Il velivolo, secondo la ricostruzione delle autorità turche, ha perso i contatti radio poco dopo il decollo, alle 20.52 ora locale, mentre si allontanava dalla capitale. Le condizioni meteorologiche della serata, così come lo stato tecnico dell’aereo e l’esperienza dell’equipaggio, saranno al centro delle indagini condotte dalle competenti agenzie, chiamate a esaminare ogni ipotesi, da quella del guasto meccanico a quella dell’errore umano. L’area dello schianto, per fortuna disabitata, ha permesso di evitare ulteriori vittime a terra, limitando i danni alle proprietà rurali della zona. Sul posto sono immediatamente intervenuti i soccorritori, coadiuvati dalle forze dell’ordine, che hanno constatato l’irreparabilità dell’accaduto e hanno predisposto il recupero dei corpi e dei resti del Falcon, destinati alle analisi dei periti.
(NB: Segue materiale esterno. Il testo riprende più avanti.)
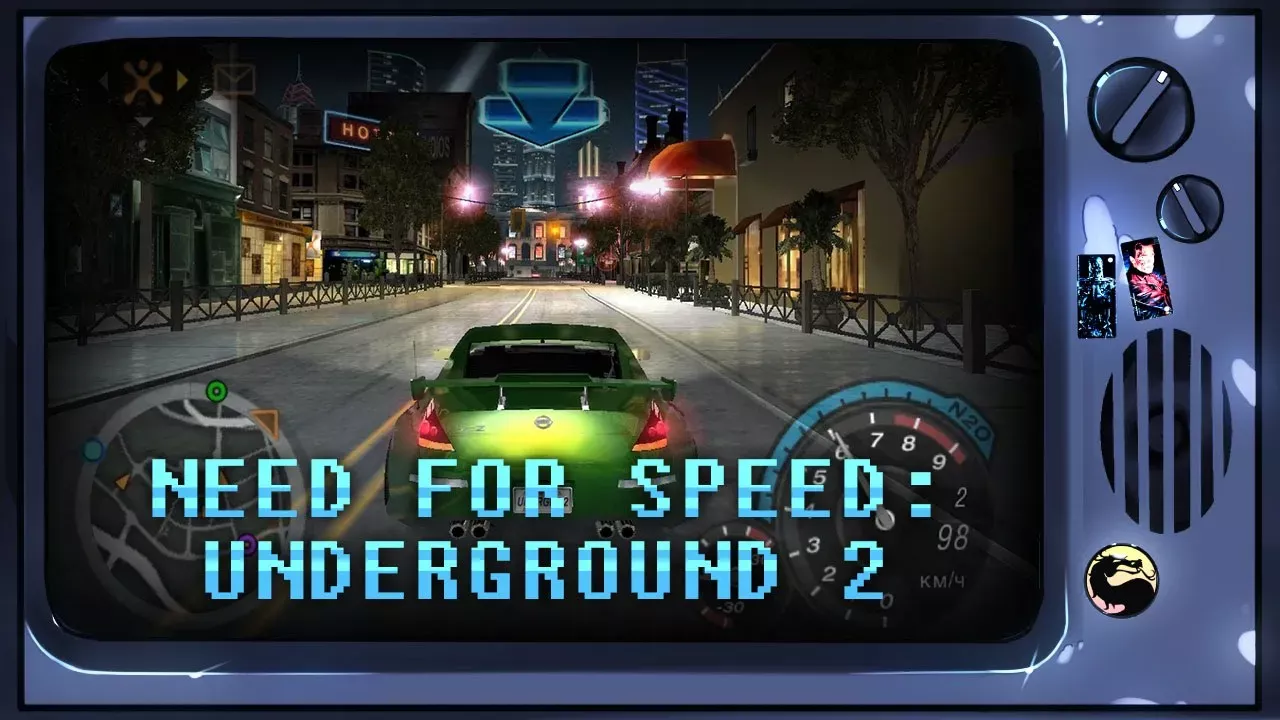 Need for Speed: Underground 2 [Ретрореквест]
Un contesto geopolitico sensibile

L’incidente aereo, per quanto sembri riconducibile a una tragica fatalità, si inserisce in un momento di grande delicatezza per la Libia, dove il governo di unità nazionale sostenuto dall’Onu fatica a imporre la sua autorità sull’intero territorio nazionale, contendendolo con altre fazioni. La perdita del capo di stato maggiore e di altri alti ufficiali rappresenta un evento destabilizzante, che costringerà Tripoli a una rapida riorganizzazione della catena di comando militare. Il viaggio della delegazione in Turchia, paese che mantiene stretti legami politici e militari con il governo di Dbeibah, sottolinea l’intensità dei rapporti bilaterali, i quali, nonostante la tragedia, sono destinati a continuare. La reazione di Washington, con il presidente Trump già informato dell’accaduto, è attesa nella consueta forma delle condoglianze ufficiali, mentre la priorità rimane il rimpatrio delle salme e il sostegno alle famiglie degli scomparsi.